Le sport et la culture au Togo passent en second plan, en dépit de leur contribution énorme à l’épanouissement de la jeunesse et à la création de l’emploi ainsi que du plus-valu. Quand on constate le moindre effort, c’est uniquement en faveur du football qui n’a apporté aucun trophée dans l’histoire.

Quand il faut faire la promotion d’un sport, c’est uniquement dans le seul intérêt de constituer des fédérations fantoches, histoire de se sucrer sur les avantages liés à la chose : lourds voyages ou missions au plaisir de virées dans des hôtels de luxe à l’étranger et toucher de grosses primes pour revenir pleurnicher que la cagnotte est vide dans les fédérations pour soutenir l’activité.

Ce qui laisse libre cours à la misère des jeunes athlètes, ceux qui devaient passer en premier plan dans toute bonne politique sportive.

Le sort des athlètes au Togo n’est guère envieux. A les voir sur les écrans, dans les grandes arènes internationale à souffrir le martyr pour le drapeau togolais, on est ému. Dieu seul sait comment ils y sont parvenus et le sort à eux réservé en cas de défaite ou de victoire.
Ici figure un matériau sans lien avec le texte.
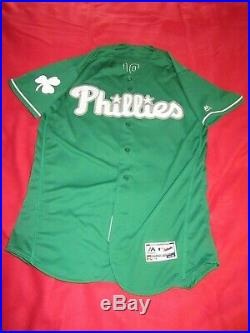 2018 Phillies Gabe Kapler Game Used Worn Issued St. Patrick's Autographed Jersey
Une brave fille du terroir avait fini par distribuer aux enfants de son quartier, l’ensemble des trophées remportés sur l’échelle mondiale, et faire table rase du « ping-pong », sport dans lequel, elle était devenue une star à la fleur de l’âge. Mais, le président Eyadéma avait catégoriquement refusé de soutenir sa candidature pour l’obtention d’une bourse.

Entre autorités politiques et jeunes athlètes au Togo, c’est pour seulement le meilleur et jamais pour le pire.